We have identified the following potential beneficiaries and ways in which they could benefit from the project:

School children: Through this project we will have access to some remarkable new 'megascopic' and micro-fossils from the North China craton. Many of the new examples have not been described by science, and present an exciting puzzle to reconstruct what they were, what they did, and what sort of communities they formed. School children could benefit from exposure to this fossil material and the environmental puzzles it raises through an interactive education display/exhibit that is brought to them or is available in a museum that they visit.

Undergraduate students: The Precambrian Earth system is a much overlooked subject in university courses despite covering almost 90% of all Earth history. The three UK-based investigators on this project all teach Precambrian Earth history at UCL, Leeds and Exeter universities. Hence undergraduates at these universities could benefit from the new material being brought into the teaching of the investigators.

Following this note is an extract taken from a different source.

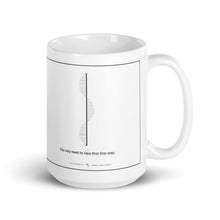 Load image into Gallery viewer, Inspirational Quote coffee and tea mug | Gift Idea
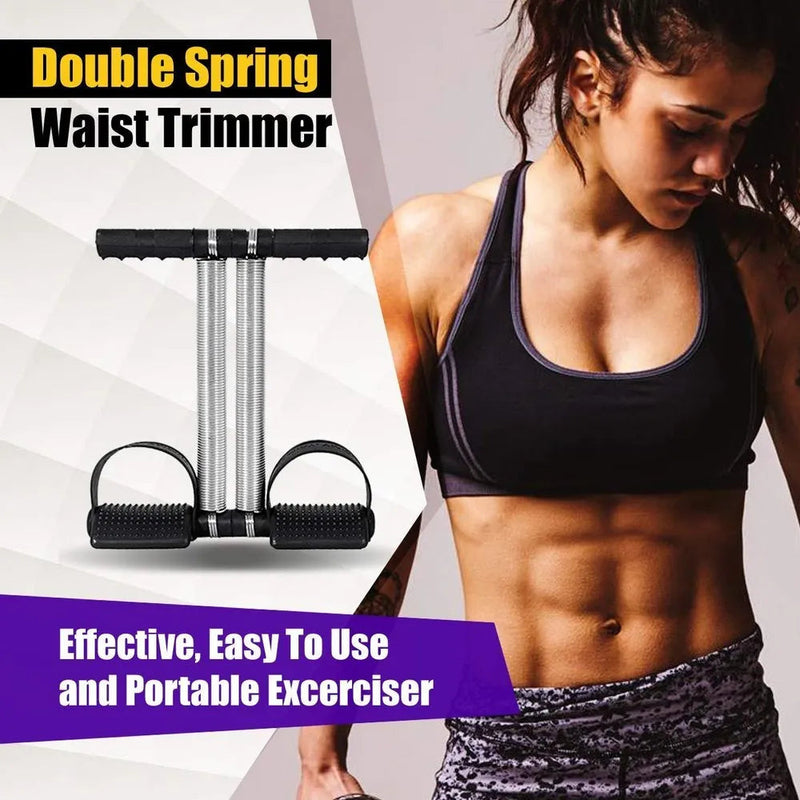 Tummy Trimmer Double Spring Tango Sports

Graduate students: Earth system science PhD students could benefit from exposure to the new research and engagement with it. For example, in July 2014, PI Shields-Zhou, Co-I Poulton, PP Zhu and PP Ling convened a workshop for graduate students and early career researchers in Nanjing, which attracted around 50 students from China, UK and USA. The association of PhD students with the project, and a further such workshop, are pathways through which graduate students could benefit.

General public: Our project concerns the earliest eukaryotic origins of animals, plants and fungi, and so is a topic of intrinsic interest to the general public. Life's early origins have featured prominently in recent TV and radio documentary series, from David Attenborough's 'Early Life' to widespread coverage of 'Snowball Earth' in various forms. The general public could benefit in several ways from the project. The new 'world record' fossils, stromatolites and example drill-core (with data) could form part of a museum exhibit. They could also from the focus of popular science articles and/or TV/radio documentaries. The drilling represents an ideal opportunity for real-time engagement with the general public through blogs, twitter and other web-based social media. Public lectures could be given by the two UK-based investigators, who have considerable experience in giving lectures for school groups, school teachers and the lay public. A dedicated website would also provide access to the project activities.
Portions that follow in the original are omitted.